In the 1960's book and film Fantastic Voyage a team of people are briefly shrunk to the point they can sail a miniature submarine through a scientist's bloodstream to remove a potentially fatal blood clot. Soon, perhaps, tiny robots powered by soundwaves and driven by magnetic fields could do the same thing, hopefully without all the detours.
The idea of using robots smaller than the width of a human hair to fix problems within the body has been a dream of scientists for some time. Unsurprisingly, the obstacles are intimidating, including the slowness of the robots involved, and the fact prototypes are hard to steer close to surfaces such as the walls of blood vessels. That's a problem because it is near the walls that blood flow is smoothest.
Dr Amirreza Aghakhani of the Max Plank Institute for Intelligent Systems has built an early model of a potential solution by trapping an air bubble inside the body of the robot. Sound waves produced outside the object through which the robot is moving drive it to speeds much faster than other machines with similar goals have been able to achieve.
In Proceedings of the National Academy of Sciences, Aghakhani describes 3D-microprinting what looks a little like R2D2's top half 25 μm across. A gap in the bottom allows an air bubble to form when inserted in liquid. A fin at the front provides stability and causes the bot to move in the direction desired, instead of in spirals.
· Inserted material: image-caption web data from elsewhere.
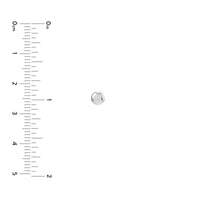 14Kt White Gold Flat Round Pebble Stud Earrings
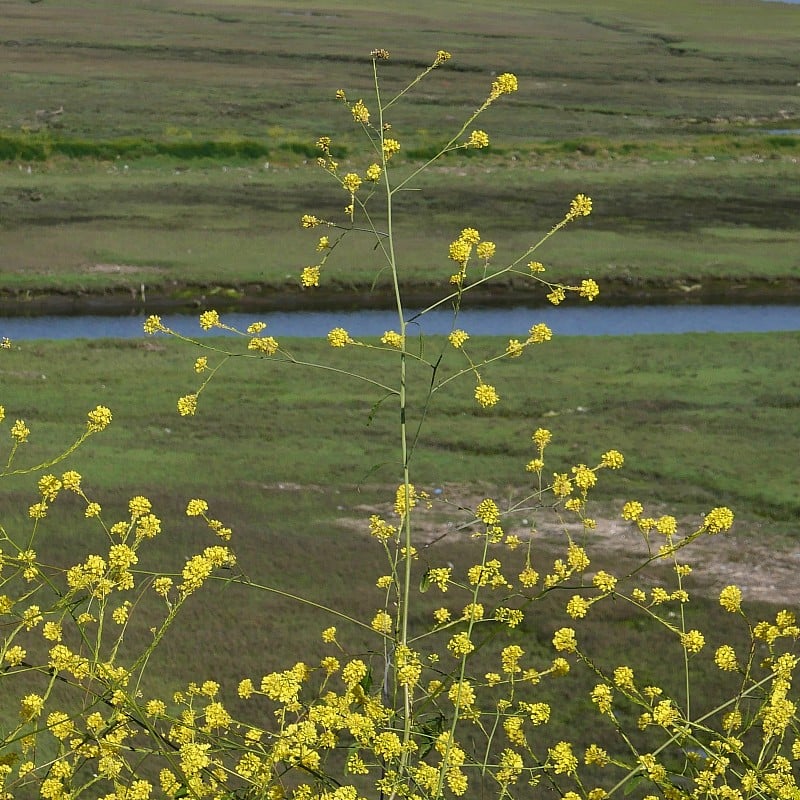 牵牛花野花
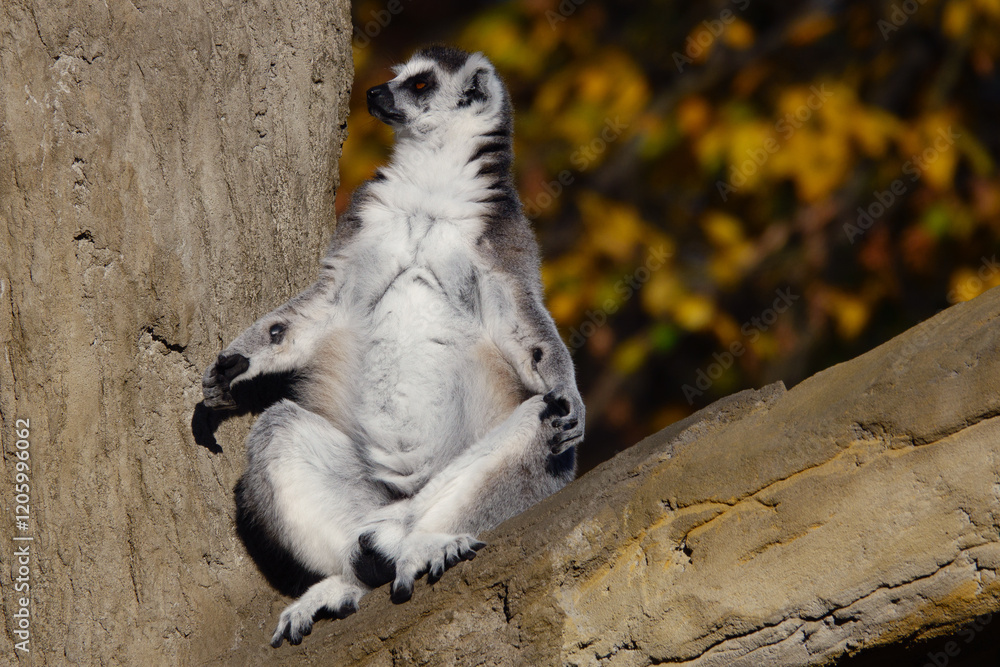 Fototapeta premium lemur sitting on a tree and basking in the sun in autumn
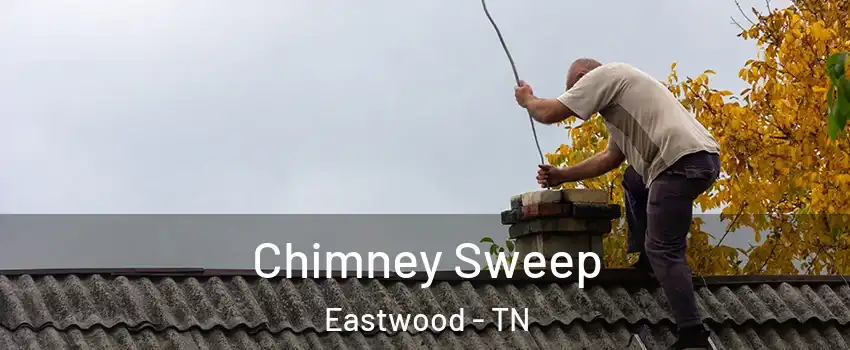 Chimney Sweep Eastwood - TN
Propulsive force for Akhakhani's device is provided by sound waves oscillating the air bubble, while he steered it by coating the outside with a film of magnetic nickel and applying external magnetic fields.
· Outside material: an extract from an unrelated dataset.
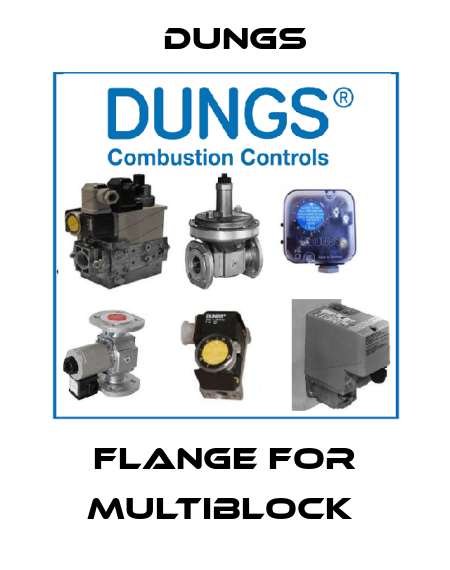 FLANGE FOR MULTIBLOCK  Dungs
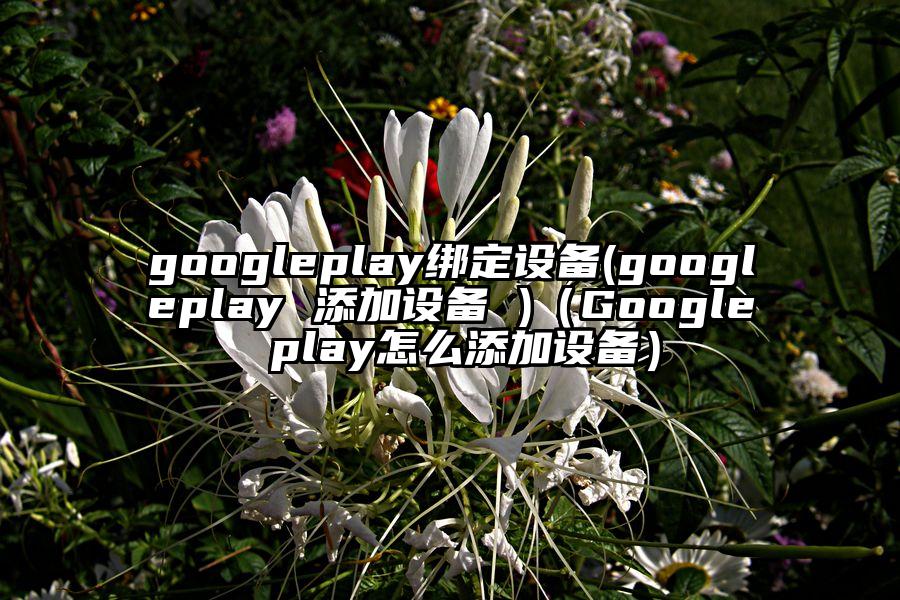 googleplay绑定设备(googleplay 添加设备 )（Google play怎么添加设备）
Although the bot started off orientated at random, the application of the sound waves causes it to flip so that its flat bottom is orientated towards a glass substrate, here substituting for the blood vessel wall.
Although the unnamed bots look clumsy they slide along the surface at 1 millimeter per second (0.04 inches/second), which doesn't sound like much until you realize its 90 body lengths a second. Moreover, they could travel uphill and make sharp turns without difficulty.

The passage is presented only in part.